E acrescentou: “Quando estamos com a bola, precisamos de um jogador que ataque os espaços e se posicione neles no momento do toque final. Cristiano é esse jogador, e os números refletem isso. É o jogador que possui esse movimento e a capacidade de finalizar as jogadas, e é a peça final no modelo de jogo que adotamos na seleção portuguesa”.
O técnico da seleção portuguesa afirmou que sua equipe tem sido alvo de críticas injustas nos últimos dias.
E continuou: “Há muito alvoroço infundado, coisas sem sentido que não fazem parte do nosso dia a dia”.

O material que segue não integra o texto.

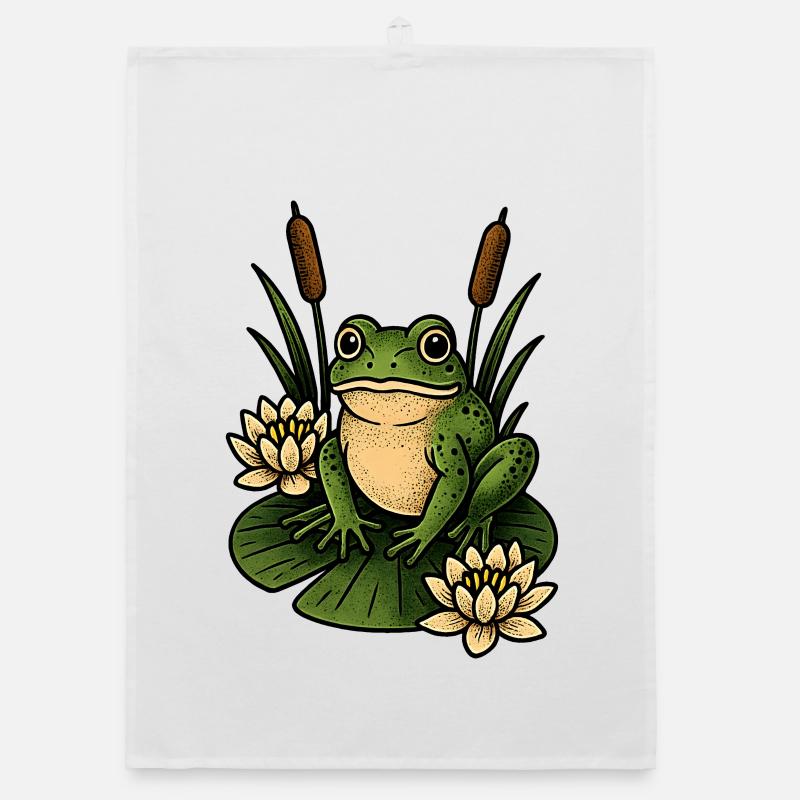 Green frog on lily pad Organic dish towel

Martínez ressaltou que a seleção está acostumada a lidar com esse tipo de clima, dizendo: “Devo dizer que, desde o meu primeiro dia em Portugal, não passou um único dia sem alvoroço. Estamos na Copa do Mundo, e há muita conversa, e isso faz parte de saber quem está do lado da seleção e quem não está, mas dentro do vestiário precisamos mostrar a atitude certa. Estamos totalmente concentrados, temos muita força e o grupo está mais unido do que antes de chegarmos à Copa do Mundo. O barulho não entra no vestiário”.

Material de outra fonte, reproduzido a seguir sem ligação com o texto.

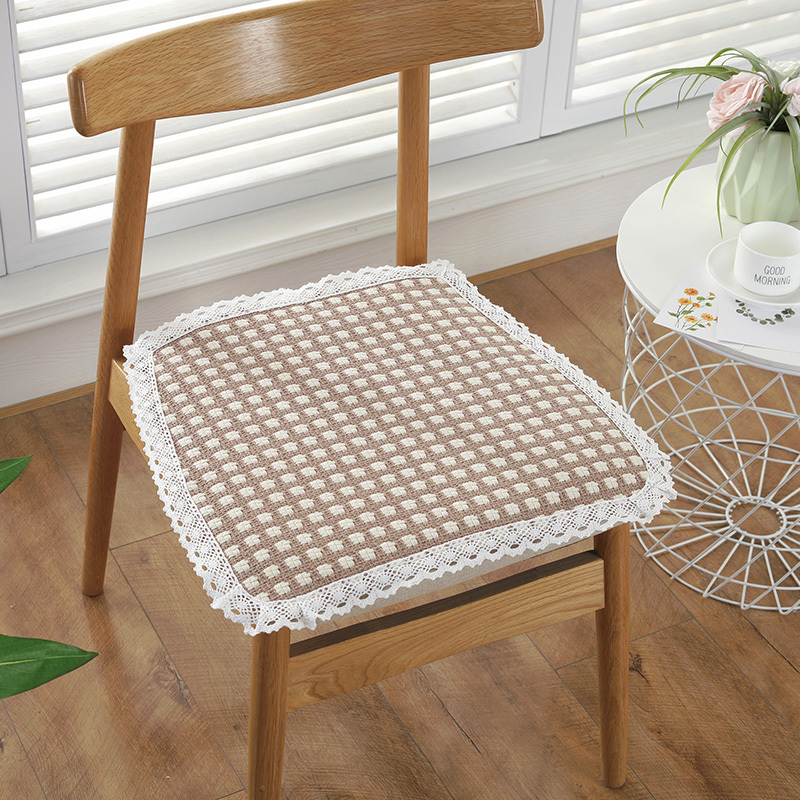 美帮汇冬季棉线椭圆编织椅子坐垫冬季餐桌椅垫餐椅垫办公室坐垫凳座垫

Martínez explicou que sua seleção precisa manter a calma e encarar o torneio um jogo de cada vez.
E concluiu: “Isso já faz parte do nosso trabalho. Chegar à Copa do Mundo significa disputar três partidas nesta fase, e nada muda. Precisamos nos preparar, analisar e nos criticar, e foi isso que fizemos após a última partida, quando discutimos as razões pelas quais não chegamos ao terço final do campo e deixamos de lado a raiva e a tristeza resultantes de não termos alcançado o resultado que queríamos. Mas a concentração dentro do vestiário é total, e agora precisamos melhorar”.